Session 1 (9:00-10:30)

9:00 Ozgur Akgun, Alan M. Frisch, Christopher Jefferson and Ian Miguel Automated Modelling and Model Selection in Constraint Programming: Current achievements and Future directions
9:30 Bjorn Regnell and Krzysztof Kuchcinski A Scala Embedded DSL for Combinatorial Optimization in Software Requirements Engineering
10:00 Willem-Jan Van Hoeve Developing Constraint Programming Applications with AIMMS

Session 2 (11:00-12:30)

11:00 Joseph D. Scott Rapid Prototyping of a Structured Domain through Indexical Compilation
11:30 Charles Prud'Homme, Xavier Lorca, Rémi Douence and Narendra Jussien Propagation Engine Prototyping with a DSL
12:00 Guido Tack Embedding MiniZinc

Workshop Description

Domain Specific Languages (DSLs) are programming languages or libraries developed to handle specific tasks. We speak about internal DSL when it is implemented as a library inside an expressive host language. For instance, Ruby, Groovy, Scala, Clojure, Haskell, and Python have been forerunners in encouraging developers to write more succinct yet expressive code. We rather speak about external DSL when it is developed using classical programming language implementation techniques (parsing, compilation, code-generation, ...). The advantages of DSLs are that the concepts of the domain can be expressed more naturally, thus improving and facilitating the user experience.

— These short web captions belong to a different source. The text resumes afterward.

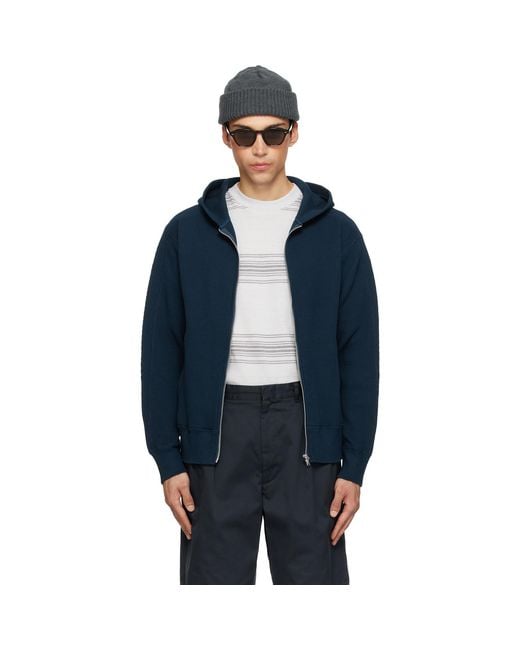 Nanamica Blue Zip-Up Thermal Hoodie for men
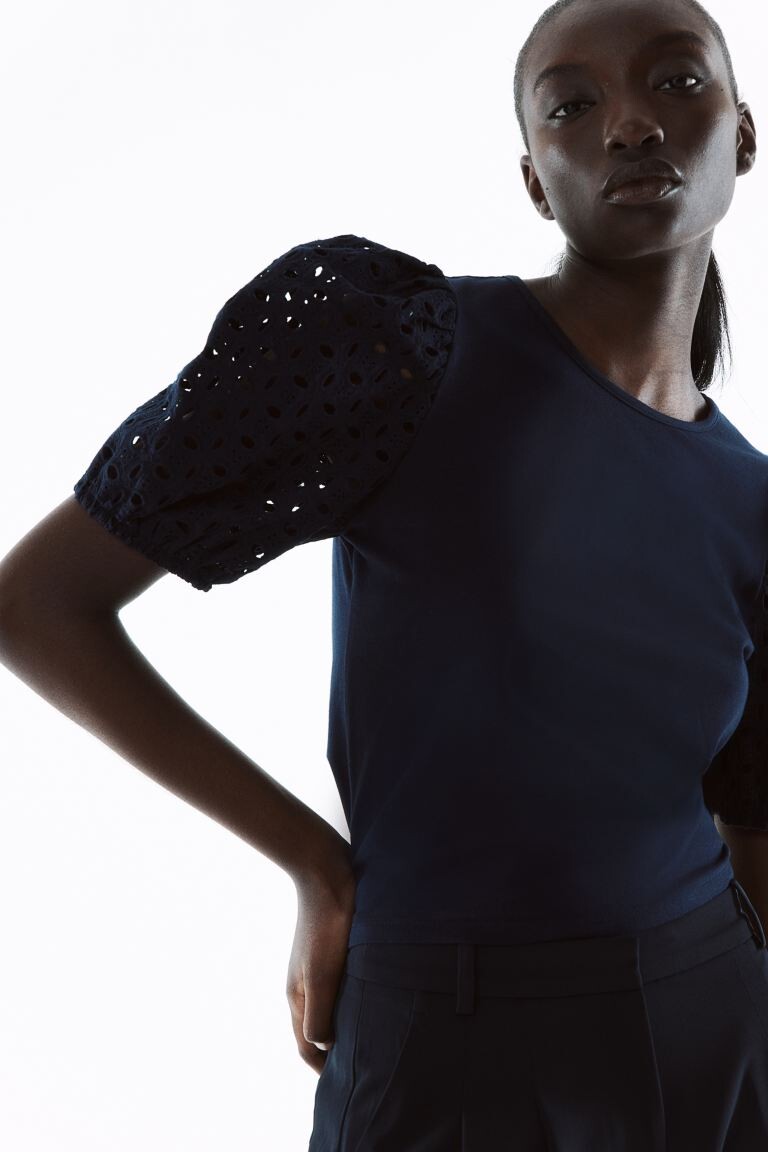 

Рубашка с пышными рукавами H&M, синий
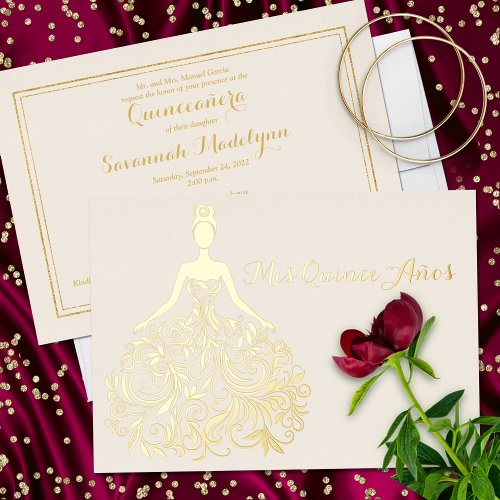 Ivory Gold Foil Silhouette Quinceaera Invite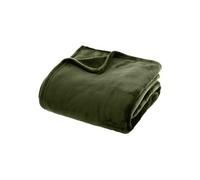 Plaid flanelle vert kaki 180x230cm - Atmosphera createur d'interieur - Vert kaki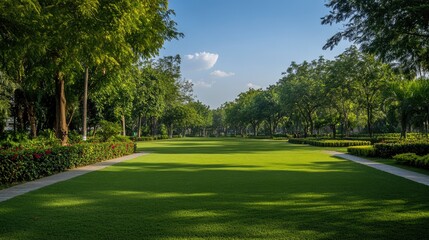 Lush green park lawn with trees and pathways under a clear blue sky in a serene urban setting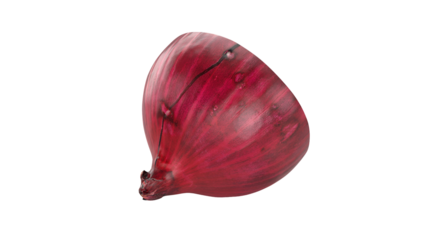 A single red onion displayed on a transparent background, showcasing its smooth, vibrant skin and bulbous shape.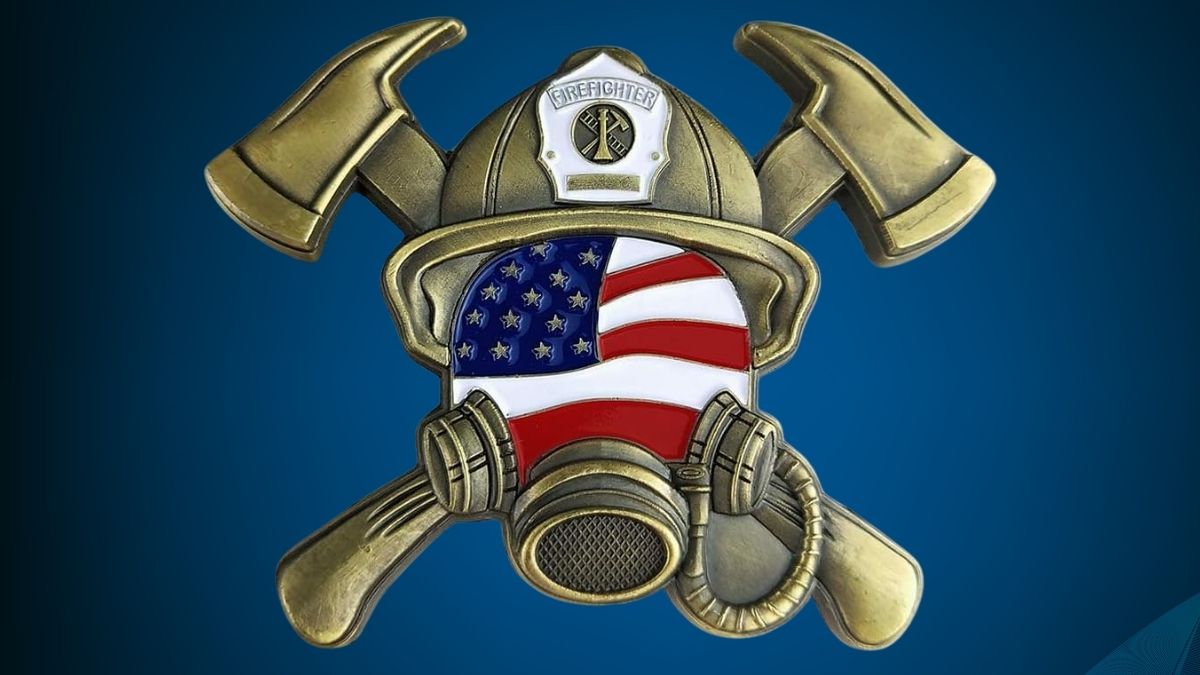 Firefighter Challenge Coin Maltese Cross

In the context of combinatorial optimization, DSLs may play an important role to spread knowledge and ease the development of new ideas. We believe that DSLs can serve a big role for the future of optimization, and constraint programming in particular, as they can encode in a simple format the knowledge that is nowadays confined in papers or obscure parts of solvers implementations. DSLs have already been proposed to describe among others models (e.g., OPL, AMPL, AIMMS, Zinc, Essence, Comet, Numberjack), propagation (e.g., Indexicals, grammars and automata), search (e.g., search combinators, non-deterministic search), model transformation (e.g., Conjure, Cadmium)... All those tools have been developed to serve different purposes, but their implementers have probably faced similar challenges in the design and implementation of their language.

The aim of COSpeL is to bring together people interested in the development and use of DSLs in the context of combinatorial optimization. Here are few topics that might be discussed during this workshop:

  • Description of DSL/API for combinatorial optimization (for instance DSL for local search, scheduling, packing, rostering ...).
  • Description/Implementation details of a particular (open source) implementation of a DSL.
  • DSL/API facilitating hybridization (LS + CP, MIP + CP, ...).
  • Standardized DSL/API.
  • Position papers on DSLs:
    • Can solvers become simply interpreters for DSLs?
    • Which domains in CP would need the development of new DSLs?
    • How to design, implement, evaluate, advertise a DSL?
    • What role can play DSLs for the dissemination of CP outside the core community?
    • Does DSL necessarily mean black-box solvers?

Call for paper

We invite submissions related (but not limited) to any of the topics listed above. We welcome both technical and “position” contributions. Taking a broad view on DSL definition, we are also interested into papers discussing APIs. COSpeL is a good place to discuss implementation and design choices not easy to be accepted in a regular conference.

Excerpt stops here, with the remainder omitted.